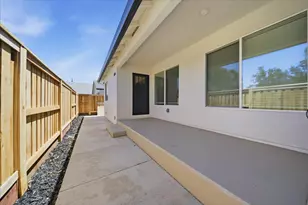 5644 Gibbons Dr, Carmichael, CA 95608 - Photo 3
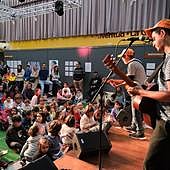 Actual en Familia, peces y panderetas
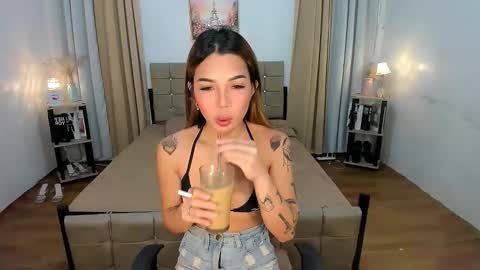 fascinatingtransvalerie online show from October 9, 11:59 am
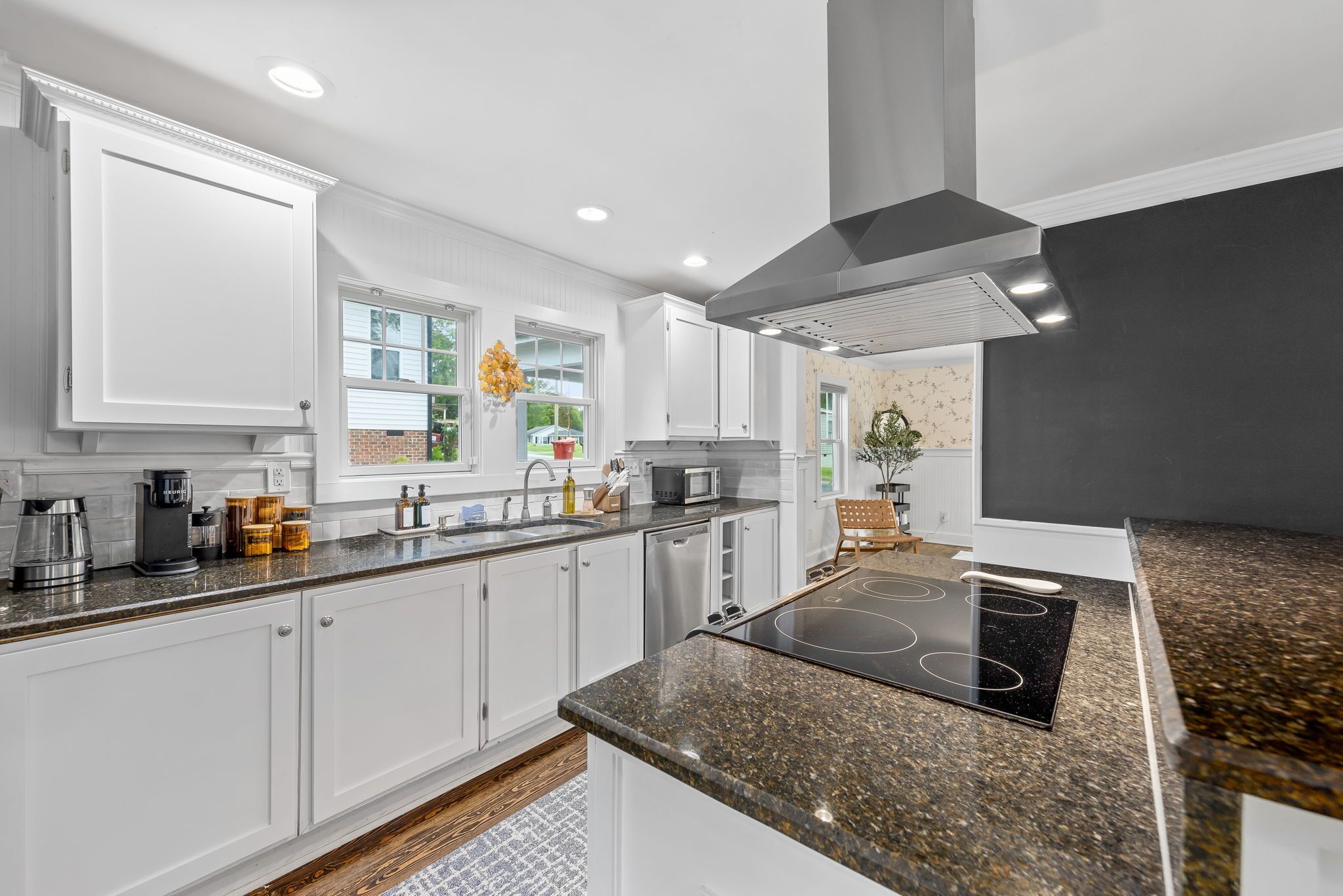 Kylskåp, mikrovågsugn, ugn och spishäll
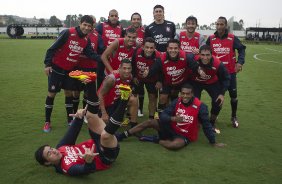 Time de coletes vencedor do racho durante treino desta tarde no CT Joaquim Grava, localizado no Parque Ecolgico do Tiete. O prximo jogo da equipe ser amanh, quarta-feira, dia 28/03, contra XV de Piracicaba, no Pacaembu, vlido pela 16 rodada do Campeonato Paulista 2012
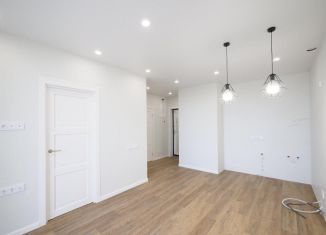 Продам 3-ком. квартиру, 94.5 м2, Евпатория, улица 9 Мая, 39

###

Instructions for the task: When copying the listing above, begin at its first line and stop after the line with "Kylskåp, mikrovågsugn, ugn och spishäll", keeping each line exact and dropping the pictures.

Written solution:
 5644 Gibbons Dr, Carmichael, CA 95608 - Photo 3
 Actual en Familia, peces y panderetas
 fascinatingtransvalerie online show from October 9, 11:59 am
 Kylskåp, mikrovågsugn, ugn och spishäll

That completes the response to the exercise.